У наших воспитателей и учителей в Белоруссии, наверное, кончилась бумага. Отвечали нам только девчата да друзья спрашивали, как попасть в наше чудесное ФЗО. А мы делились друг с другом детдомовскими воспоминаниями. Вспоминали сад, лес, речку, каждую ее излучину. И письма домой получались особенно душевными и веселыми, а тоска становилась все глуше.
Наступили октябрьские праздники. ФЗО опустело, остались только детдомовцы. В тишине и одиночестве особенно бросалась в глаза убогость нашего жилья. Выщербленные, в подтеках воды, промасленные, протертые до штукатурки задами и спинами стены коридоров, пропитанные мазутом и машинным маслом полы. И повсюду запах мазута, машинного масла и кислого варева.
А за окном черный от копоти снег, грязный и лохматый иней на проводах.
А в детдоме на седьмое ноября нам давали подарки. И мы не ходили в школу. Днями гоняли по улицам на коньках, бросались снежками, вечерами смотрели кино, а после отбоя рассказывали жуткие истории, играли в чехарду. Я был в старшей группе, и в нашей комнате в праздники собирались девчата и ребята. Мы выкапывали в сарае запрятанные для праздника яблоки, раскладывали на столе подарки, веселились и пели за полночь. Робко, таясь друг друга, влюблялись. Ловили быстрые и смущенные взгляды девчонок, подкладывали им под подушки наборы «Мойдодыра», с перехваченным дыханием, пугаясь собственных теней, скользили по коридору в свои комнаты.
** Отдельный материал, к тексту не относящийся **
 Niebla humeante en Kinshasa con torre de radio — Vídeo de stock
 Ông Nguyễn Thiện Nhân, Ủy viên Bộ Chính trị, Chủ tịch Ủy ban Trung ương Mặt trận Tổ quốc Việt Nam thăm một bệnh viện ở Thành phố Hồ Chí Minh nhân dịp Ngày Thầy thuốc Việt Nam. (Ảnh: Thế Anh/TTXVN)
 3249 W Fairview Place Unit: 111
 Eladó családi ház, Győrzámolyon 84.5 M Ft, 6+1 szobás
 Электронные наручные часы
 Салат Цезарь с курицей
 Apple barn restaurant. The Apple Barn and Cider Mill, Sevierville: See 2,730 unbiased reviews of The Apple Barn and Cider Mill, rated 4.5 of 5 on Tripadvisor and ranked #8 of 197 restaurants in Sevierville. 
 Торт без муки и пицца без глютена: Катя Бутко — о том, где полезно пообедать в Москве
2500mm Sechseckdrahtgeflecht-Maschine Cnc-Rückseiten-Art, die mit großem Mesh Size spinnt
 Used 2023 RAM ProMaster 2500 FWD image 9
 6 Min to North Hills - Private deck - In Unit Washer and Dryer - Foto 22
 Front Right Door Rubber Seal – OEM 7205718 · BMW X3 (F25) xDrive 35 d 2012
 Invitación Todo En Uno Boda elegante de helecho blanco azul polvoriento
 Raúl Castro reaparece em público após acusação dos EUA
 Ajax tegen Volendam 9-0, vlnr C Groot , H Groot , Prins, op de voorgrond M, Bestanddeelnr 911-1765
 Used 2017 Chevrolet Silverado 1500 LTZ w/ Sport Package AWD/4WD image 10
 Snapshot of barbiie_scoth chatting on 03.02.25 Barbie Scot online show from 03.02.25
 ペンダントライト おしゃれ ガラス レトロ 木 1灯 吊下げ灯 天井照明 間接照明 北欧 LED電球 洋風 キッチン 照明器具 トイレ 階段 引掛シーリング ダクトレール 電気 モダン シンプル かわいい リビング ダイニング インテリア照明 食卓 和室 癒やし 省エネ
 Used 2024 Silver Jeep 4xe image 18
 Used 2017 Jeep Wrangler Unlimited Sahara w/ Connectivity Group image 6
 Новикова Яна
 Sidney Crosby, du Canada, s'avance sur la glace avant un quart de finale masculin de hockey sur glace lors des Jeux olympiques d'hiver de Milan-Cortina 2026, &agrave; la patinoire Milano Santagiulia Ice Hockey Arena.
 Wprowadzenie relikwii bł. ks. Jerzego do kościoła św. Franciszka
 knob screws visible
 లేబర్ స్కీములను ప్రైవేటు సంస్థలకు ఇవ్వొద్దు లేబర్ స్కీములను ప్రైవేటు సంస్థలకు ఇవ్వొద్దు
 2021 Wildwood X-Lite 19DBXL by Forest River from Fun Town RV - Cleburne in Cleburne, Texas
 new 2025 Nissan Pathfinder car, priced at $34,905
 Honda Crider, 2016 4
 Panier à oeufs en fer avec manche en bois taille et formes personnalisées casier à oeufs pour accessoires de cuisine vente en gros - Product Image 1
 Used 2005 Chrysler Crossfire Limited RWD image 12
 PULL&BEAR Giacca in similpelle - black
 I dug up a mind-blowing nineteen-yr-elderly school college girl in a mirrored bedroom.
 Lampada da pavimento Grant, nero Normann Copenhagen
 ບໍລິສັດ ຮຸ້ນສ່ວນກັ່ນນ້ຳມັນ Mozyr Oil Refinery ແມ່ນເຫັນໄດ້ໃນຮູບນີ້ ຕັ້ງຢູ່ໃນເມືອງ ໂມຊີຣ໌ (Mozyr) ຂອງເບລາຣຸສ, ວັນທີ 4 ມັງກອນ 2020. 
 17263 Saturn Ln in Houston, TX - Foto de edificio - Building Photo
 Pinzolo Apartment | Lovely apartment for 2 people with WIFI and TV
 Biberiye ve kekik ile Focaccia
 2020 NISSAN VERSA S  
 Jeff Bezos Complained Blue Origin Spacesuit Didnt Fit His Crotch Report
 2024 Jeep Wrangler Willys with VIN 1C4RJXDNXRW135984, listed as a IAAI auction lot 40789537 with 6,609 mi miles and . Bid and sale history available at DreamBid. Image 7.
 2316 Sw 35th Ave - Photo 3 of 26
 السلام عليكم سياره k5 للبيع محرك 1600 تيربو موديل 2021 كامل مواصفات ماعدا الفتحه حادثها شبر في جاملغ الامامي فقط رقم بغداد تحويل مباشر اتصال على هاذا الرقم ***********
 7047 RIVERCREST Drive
А тени на белых стенах коридоров при свете единственной пятнадцатисвечовой лампочки были так угрожающе лохматы, что и сейчас сладко замирает сердце. Запах антоновок, путинок, неповторимый запах праздника и веселья, в котором и первые девичьи духи, и восторг, и подъем собственного сердца, и дымок от березовых сухих поленьев, и ожидание волшебства, чуда. Как далеко все это...
Серо и зябко покатились дни и после праздников. И единственным утешением был металл, работа. Мы набросились на нее, как собака на кость. Металл стал к нам добрее, уступчивее и податливее. Больше не визжали напильники. Они входили в металл твердо и послушно, гнали крупные опилки. И синела от злости сталь, напрягались и постанывали тиски.
Я стою рядом с Дроздом. Напротив нас за проволочной сеткой Казерук и Беленький. Мы сдаем мастеру после смены по две пары пассатижей каждый. Это рекорд. Дмитрий Васильевич с каждым днем все придирчивее и придирчивее меряет их штангенциркулем и даже микрометром. Но время брака кончилось, мы набили руку, и мастер только хмыкает. Наконец он не выдерживает:
— Что вы так гоните, ребята? — спрашивает он меня и Дрозда.
Дрозд хитрый. Улыбается и тут же отворачивается. Я отвечаю мастеру грубо и резко:
— Деньги нужны. За деньги стараемся.
Дмитрий Васильевич смотрит на меня с ехидненькой улыбочкой:
— Курить начали? Тринадцать копеек — пачка «Прибоя» и коробка спичек — так?
— Хуже, Дмитрий Васильевич. Тринадцать копеек маленькая кружка пива с верхом...
Улыбка мастера гаснет:
— А если серьезно?
— Очень серьезно, Дмитрий Васильевич, — рубит вдруг Дрозд. — Мы в Белоруссию хотим съездить, на день-два, в детдом...
— Я отпускаю вас сегодня. — Мастер не смотрит на нас. — Поспите, а лучше сходите в бор.
Вечером Дмитрий Васильевич приходит к нам в комнату. Долго рассказывает о себе, о своем доме в деревне на Украине и приглашает нас к себе в гости. Мы отправляемся вчетвером и остаемся у него ночевать. А на следующей практике мастер всей группе раздает заготовки молотков, а наша четверка получает слесарные ножницы.